[Caption-style text data]
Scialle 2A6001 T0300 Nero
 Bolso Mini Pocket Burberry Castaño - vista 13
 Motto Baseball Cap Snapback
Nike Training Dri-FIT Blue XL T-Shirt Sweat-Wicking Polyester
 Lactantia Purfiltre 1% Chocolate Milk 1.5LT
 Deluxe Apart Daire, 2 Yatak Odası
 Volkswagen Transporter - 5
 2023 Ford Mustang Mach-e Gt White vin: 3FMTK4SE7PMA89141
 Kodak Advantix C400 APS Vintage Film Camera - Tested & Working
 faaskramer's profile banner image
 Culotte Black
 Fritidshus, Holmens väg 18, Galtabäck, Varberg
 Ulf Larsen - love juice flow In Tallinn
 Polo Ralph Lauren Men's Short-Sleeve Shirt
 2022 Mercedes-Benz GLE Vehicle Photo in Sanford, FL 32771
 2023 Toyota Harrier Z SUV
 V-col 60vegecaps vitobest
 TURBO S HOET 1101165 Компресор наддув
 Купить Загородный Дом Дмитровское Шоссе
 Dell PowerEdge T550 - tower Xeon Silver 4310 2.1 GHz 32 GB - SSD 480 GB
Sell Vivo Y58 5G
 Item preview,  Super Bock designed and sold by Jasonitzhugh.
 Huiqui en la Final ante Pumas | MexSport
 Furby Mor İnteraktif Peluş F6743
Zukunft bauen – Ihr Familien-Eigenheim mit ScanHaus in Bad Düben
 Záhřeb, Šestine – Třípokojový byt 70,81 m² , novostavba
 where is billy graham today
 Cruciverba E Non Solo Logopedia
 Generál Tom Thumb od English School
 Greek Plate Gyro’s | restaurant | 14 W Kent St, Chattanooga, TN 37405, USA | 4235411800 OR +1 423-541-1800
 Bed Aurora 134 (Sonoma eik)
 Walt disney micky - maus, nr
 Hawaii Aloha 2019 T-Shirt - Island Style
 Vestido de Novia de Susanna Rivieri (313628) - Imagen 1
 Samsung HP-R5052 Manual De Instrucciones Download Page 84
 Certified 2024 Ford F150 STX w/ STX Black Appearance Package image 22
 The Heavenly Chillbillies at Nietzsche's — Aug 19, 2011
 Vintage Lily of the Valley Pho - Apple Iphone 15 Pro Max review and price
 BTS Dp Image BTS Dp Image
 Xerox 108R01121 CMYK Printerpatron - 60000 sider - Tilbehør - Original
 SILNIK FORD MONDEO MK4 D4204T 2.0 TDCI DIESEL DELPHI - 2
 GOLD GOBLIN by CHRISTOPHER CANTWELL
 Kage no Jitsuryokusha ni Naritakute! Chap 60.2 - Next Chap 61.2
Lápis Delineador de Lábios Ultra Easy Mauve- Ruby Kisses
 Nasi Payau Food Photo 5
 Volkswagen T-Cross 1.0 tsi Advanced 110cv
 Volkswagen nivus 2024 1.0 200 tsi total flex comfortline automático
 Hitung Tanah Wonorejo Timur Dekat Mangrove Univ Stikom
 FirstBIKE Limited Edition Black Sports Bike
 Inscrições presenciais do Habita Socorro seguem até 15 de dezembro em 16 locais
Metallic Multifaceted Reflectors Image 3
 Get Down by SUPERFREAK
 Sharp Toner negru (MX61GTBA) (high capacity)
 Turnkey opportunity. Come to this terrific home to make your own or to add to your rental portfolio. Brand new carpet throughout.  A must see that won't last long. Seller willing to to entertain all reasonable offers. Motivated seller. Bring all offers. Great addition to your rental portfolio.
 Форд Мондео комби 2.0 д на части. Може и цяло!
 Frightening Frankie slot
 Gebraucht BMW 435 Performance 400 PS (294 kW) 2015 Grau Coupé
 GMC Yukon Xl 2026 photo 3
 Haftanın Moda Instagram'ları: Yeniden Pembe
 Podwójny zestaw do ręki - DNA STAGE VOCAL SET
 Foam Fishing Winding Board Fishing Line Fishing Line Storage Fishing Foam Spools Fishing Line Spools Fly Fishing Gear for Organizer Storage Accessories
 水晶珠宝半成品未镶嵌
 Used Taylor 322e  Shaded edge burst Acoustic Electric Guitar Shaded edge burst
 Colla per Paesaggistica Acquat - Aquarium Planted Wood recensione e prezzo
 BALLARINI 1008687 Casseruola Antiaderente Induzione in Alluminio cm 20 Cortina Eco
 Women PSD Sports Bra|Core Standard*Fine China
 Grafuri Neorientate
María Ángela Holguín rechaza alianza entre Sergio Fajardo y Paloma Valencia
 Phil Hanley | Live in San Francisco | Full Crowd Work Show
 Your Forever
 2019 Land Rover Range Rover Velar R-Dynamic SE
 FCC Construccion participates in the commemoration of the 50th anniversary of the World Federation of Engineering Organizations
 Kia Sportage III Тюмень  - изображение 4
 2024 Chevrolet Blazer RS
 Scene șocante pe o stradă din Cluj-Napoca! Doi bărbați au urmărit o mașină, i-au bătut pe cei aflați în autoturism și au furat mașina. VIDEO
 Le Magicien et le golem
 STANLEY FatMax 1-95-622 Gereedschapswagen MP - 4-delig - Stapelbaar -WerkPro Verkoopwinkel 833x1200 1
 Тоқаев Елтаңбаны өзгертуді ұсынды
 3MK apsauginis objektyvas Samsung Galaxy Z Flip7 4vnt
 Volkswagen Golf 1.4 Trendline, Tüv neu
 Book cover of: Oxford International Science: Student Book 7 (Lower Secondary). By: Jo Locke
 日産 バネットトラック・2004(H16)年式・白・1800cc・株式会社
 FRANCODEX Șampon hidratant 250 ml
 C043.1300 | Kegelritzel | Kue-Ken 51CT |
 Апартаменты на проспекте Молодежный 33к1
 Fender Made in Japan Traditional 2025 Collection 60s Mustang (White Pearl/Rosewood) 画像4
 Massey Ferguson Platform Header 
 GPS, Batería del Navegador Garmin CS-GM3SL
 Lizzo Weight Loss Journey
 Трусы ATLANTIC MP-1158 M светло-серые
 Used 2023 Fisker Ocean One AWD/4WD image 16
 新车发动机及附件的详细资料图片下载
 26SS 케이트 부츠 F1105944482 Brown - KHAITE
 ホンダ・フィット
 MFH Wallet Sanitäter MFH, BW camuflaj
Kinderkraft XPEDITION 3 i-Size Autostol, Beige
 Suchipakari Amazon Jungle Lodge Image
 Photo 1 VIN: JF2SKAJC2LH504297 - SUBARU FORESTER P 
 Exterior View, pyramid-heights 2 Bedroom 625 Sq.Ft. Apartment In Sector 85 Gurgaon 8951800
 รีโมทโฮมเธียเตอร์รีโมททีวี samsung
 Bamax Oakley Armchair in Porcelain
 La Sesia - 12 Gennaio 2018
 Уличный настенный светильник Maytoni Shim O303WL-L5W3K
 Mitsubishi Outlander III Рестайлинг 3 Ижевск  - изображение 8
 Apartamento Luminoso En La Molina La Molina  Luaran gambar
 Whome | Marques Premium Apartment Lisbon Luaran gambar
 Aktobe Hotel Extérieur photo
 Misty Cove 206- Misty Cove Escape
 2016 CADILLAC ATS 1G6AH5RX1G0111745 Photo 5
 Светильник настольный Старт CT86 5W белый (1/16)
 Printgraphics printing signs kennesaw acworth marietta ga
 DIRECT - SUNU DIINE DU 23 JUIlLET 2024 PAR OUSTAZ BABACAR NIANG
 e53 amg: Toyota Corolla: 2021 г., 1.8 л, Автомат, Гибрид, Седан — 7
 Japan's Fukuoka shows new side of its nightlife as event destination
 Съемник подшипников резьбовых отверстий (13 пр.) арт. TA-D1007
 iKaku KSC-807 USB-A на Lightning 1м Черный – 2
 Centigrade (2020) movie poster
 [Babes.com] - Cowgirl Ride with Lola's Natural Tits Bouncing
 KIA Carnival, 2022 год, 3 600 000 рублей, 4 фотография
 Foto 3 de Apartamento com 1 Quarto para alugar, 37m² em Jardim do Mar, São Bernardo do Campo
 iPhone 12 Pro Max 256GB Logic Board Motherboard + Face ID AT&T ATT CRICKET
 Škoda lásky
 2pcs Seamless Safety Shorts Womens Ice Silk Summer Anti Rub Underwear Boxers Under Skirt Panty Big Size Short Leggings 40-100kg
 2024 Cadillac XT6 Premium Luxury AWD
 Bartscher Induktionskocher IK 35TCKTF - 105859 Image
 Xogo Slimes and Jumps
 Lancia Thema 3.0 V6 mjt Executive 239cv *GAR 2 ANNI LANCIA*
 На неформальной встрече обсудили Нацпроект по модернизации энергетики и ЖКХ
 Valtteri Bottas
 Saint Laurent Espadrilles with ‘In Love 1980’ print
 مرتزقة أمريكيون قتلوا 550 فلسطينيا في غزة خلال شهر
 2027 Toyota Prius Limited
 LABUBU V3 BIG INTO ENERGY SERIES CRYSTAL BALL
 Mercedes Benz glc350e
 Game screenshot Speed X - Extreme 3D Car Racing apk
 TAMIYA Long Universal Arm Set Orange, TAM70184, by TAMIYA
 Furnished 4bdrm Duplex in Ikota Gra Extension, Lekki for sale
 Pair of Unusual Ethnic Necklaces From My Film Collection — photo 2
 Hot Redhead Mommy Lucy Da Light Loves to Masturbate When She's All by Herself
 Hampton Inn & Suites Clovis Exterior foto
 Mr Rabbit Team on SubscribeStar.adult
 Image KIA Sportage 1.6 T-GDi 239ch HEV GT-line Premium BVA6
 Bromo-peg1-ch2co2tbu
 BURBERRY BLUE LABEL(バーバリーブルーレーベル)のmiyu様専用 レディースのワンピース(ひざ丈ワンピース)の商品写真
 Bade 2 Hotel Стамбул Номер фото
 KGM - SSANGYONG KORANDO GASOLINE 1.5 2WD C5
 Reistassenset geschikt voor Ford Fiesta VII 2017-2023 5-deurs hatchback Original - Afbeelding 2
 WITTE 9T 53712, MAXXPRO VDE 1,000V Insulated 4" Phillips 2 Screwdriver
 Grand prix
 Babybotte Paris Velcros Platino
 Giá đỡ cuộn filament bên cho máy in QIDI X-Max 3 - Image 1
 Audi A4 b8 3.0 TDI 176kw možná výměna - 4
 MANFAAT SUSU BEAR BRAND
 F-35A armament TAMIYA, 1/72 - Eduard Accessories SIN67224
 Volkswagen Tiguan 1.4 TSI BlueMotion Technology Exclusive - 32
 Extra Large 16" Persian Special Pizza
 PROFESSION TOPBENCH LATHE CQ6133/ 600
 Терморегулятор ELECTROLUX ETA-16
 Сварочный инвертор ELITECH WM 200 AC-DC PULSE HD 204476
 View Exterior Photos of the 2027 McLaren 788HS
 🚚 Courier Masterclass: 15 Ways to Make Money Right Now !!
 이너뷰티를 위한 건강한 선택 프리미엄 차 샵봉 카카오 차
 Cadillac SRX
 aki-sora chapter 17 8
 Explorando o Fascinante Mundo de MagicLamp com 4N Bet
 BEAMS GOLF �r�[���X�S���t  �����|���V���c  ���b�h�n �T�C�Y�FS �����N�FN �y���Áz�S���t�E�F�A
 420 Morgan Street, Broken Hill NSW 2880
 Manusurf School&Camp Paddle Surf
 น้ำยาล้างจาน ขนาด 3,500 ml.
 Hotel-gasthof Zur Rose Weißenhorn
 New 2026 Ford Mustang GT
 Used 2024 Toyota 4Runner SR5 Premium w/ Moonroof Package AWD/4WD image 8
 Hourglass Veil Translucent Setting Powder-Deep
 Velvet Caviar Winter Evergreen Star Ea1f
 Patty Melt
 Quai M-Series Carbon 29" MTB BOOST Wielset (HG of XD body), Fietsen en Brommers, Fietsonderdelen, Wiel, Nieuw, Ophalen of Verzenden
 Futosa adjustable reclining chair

* **About this exercise**
Set down, exactly as they appear above, all lines from the one that has "e53 amg: Toyota" down to the one that has "LABUBU V3 BIG", including those two and no others.

* **Output**
 e53 amg: Toyota Corolla: 2021 г., 1.8 л, Автомат, Гибрид, Седан — 7
 Japan's Fukuoka shows new side of its nightlife as event destination
 Съемник подшипников резьбовых отверстий (13 пр.) арт. TA-D1007
 iKaku KSC-807 USB-A на Lightning 1м Черный – 2
 Centigrade (2020) movie poster
 [Babes.com] - Cowgirl Ride with Lola's Natural Tits Bouncing
 KIA Carnival, 2022 год, 3 600 000 рублей, 4 фотография
 Foto 3 de Apartamento com 1 Quarto para alugar, 37m² em Jardim do Mar, São Bernardo do Campo
 iPhone 12 Pro Max 256GB Logic Board Motherboard + Face ID AT&T ATT CRICKET
 Škoda lásky
 2pcs Seamless Safety Shorts Womens Ice Silk Summer Anti Rub Underwear Boxers Under Skirt Panty Big Size Short Leggings 40-100kg
 2024 Cadillac XT6 Premium Luxury AWD
 Bartscher Induktionskocher IK 35TCKTF - 105859 Image
 Xogo Slimes and Jumps
 Lancia Thema 3.0 V6 mjt Executive 239cv *GAR 2 ANNI LANCIA*
 На неформальной встрече обсудили Нацпроект по модернизации энергетики и ЖКХ
 Valtteri Bottas
 Saint Laurent Espadrilles with ‘In Love 1980’ print
 مرتزقة أمريكيون قتلوا 550 فلسطينيا في غزة خلال شهر
 2027 Toyota Prius Limited
 LABUBU V3 BIG INTO ENERGY SERIES CRYSTAL BALL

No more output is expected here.